Sometimes, as Charles Dickens wrote, “The law is an ass – an idiot.”
The acquittal of David and Collet Stephan, who were found not guilty of failing to provide the “necessaries of life” to their 19-month-old son, Ezekiel, seems like a striking example.
The basic elements of the case have been well reported. Ezekiel fell ill with what initially looked like croup but grew much worse, to meningitis. His parents, believers in so-called alternative medicine, decided to treat Ezekiel with garlic and horseradish smoothies, and consult a naturopath rather than a medical doctor.
Over two weeks, his condition waxed and waned. But in March, 2012, when the boy’s health deteriorated to the point where he stopped breathing, the family called an ambulance and then blamed paramedics for failing to save his life.
The polarizing case has been dragging on since Ezekiel’s death. There was a jury trial, a conviction, an appeal, a re-trial ordered and then a trial by judge alone.
That last trial was overseen by Justice Terry Clackson of the Court of Queen’s Bench of Alberta.

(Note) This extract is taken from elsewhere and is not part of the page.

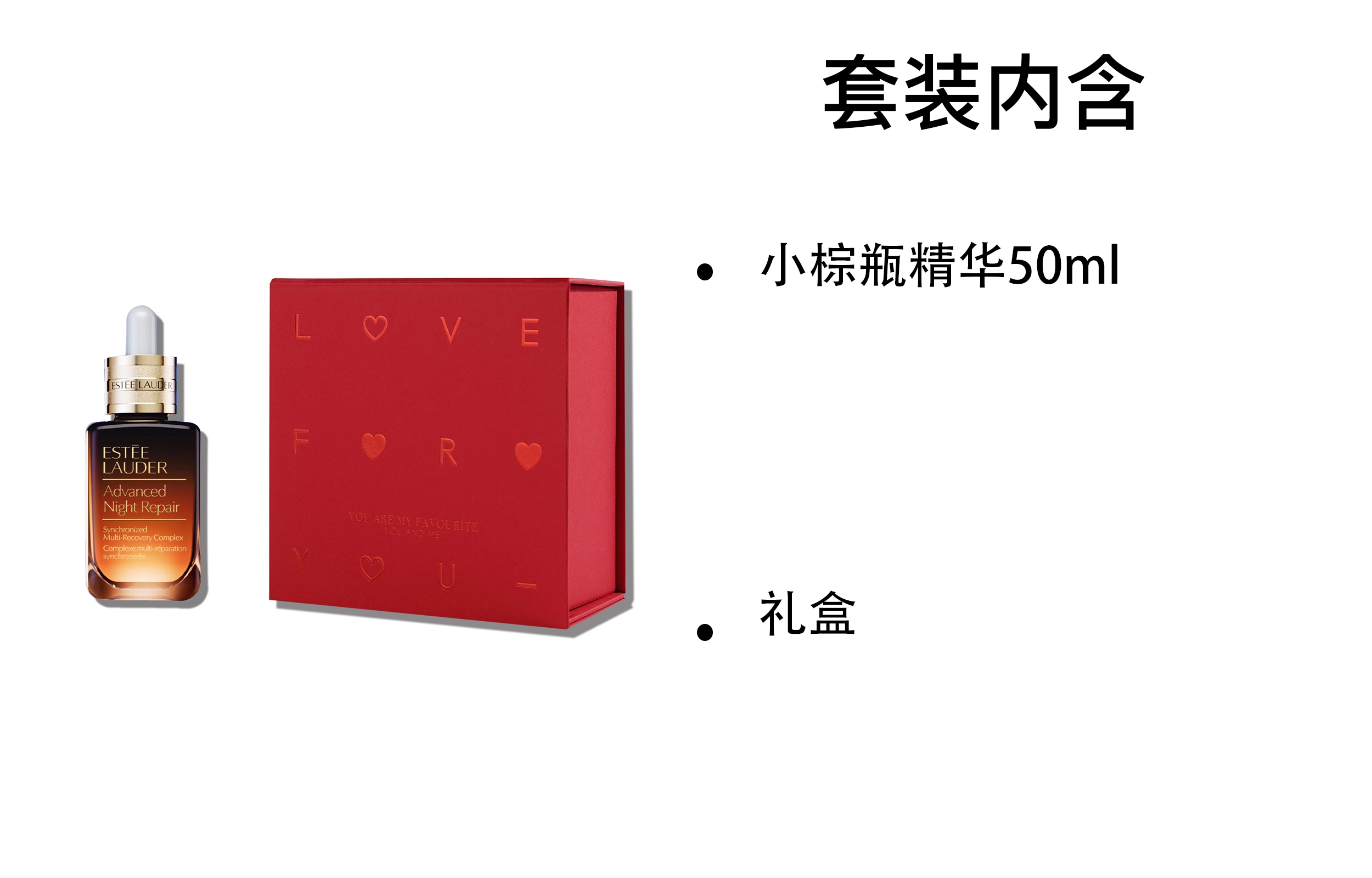 雅诗兰黛 第五代小棕瓶熬夜眼霜+第七代小棕瓶精华液 修护淡纹紧致 小棕瓶眼霜精华心意至上套装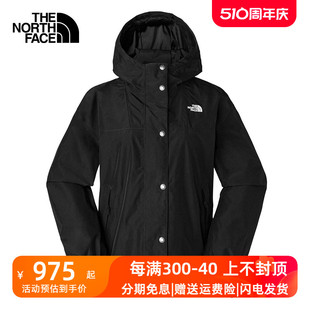 TheNorthFace北面冲锋衣女2024春夏户外防水保暖连帽时尚外套7QSI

And in his 34-page ruling issued last week, he found that while most parents with a child as sick as Ezekiel would have thought it prudent to seek medical help, “section 215 of the Criminal Code does not impose a duty to seek medical attention for every sick child. For that duty to arise there must be a risk to the child.”
In Justice Clackson’s view, the case revolved around four issues: whether Ezekiel had bacterial or viral meningitis; whether his death was the result of meningitis or lack of oxygen to the brain; whether the Stephans knew the boy had meningitis; and whether, knowing that, they ought to have sought medical intervention.
“I have concluded that Ezekiel did have meningitis. The Stephans did not know that Ezekiel had meningitis but were alert to the possibility and monitoring for symptoms. The meningitis Ezekiel had was viral and he did not die from meningitis but from the lack of oxygen. Therefore, I have concluded that the Stephans are not guilty of the charge,” the judge wrote.
Hold on a second.
The central question is not what ailed Ezekiel or whether or not he could have survived, but whether he was given a fighting chance. He wasn’t.
David Stephan has argued throughout this saga that the case was about “parental rights” and “medical choice.”
Actually, it’s about parental responsibility. Surely, the obligation to seek medical care kicks in before a child stops breathing multiple times and goes rigid, a telltale sign of life-threatening meningitis.
Unfortunately, the judge in this case allowed himself to be bamboozled by a manure pile of irrelevant arguments.
Let’s take the cause of death.
An autopsy conducted by the medical examiner, Bamidele Adeagbo, found that Ezekiel had bacterial meningitis; despite the judicial ruling criticizing his “garbled enunciation" and grammatical flubs in the courtroom, and calling him “arrogant, petulant and argumentative,” Dr. Adeagbo’s conclusion itself doesn’t change. A veteran pediatric intensivist who treated the boy arrived at the same result, based on symptoms.
But the defence brought in an expert witness – one who the Alberta government had previously called “obstructionist, confrontational and disrespectful” – who, after reading the medical examiner’s report and listening to the boy’s breathing on a recording of a 911 call, concluded that he stopped breathing because of complications from croup.
The evidence showed the Stephans were told by a nurse that Ezekiel likely had meningitis, then did internet searches of the symptoms of meningitis and then purchased a product from a naturopath for treatment of possible cases of meningitis.
Yet, Justice Clackson, who has his own eyebrow-raising judicial history on sexual-assault cases, concluded they didn’t know the boy had meningitis, saying the Stephans’ statements felt like “false confessions."
Much was made of the fact that the ambulance that picked up the boy was not equipped with child-sized equipment, so he may have been deprived of oxygen. That is a travesty, but it doesn’t change the fact that Ezekiel was deathly ill before real medical help was sought.
David and Collet Stephan have spent years blaming everyone else for their son’s death – paramedics, physicians, the courts, the media, Big Pharma – but they have never taken an iota of responsibility. After the acquittal, Mr. Stephan even had the gall to speak in biblical terms of “those who have trespassed against us.”
It’s probably too late for justice for Ezekiel. But maybe it’s not too late for the justice system to save a bit of face by sending a message that, yes, parents have rights – but they also have responsibilities.
The Crown would be wrong to not appeal this appalling verdict.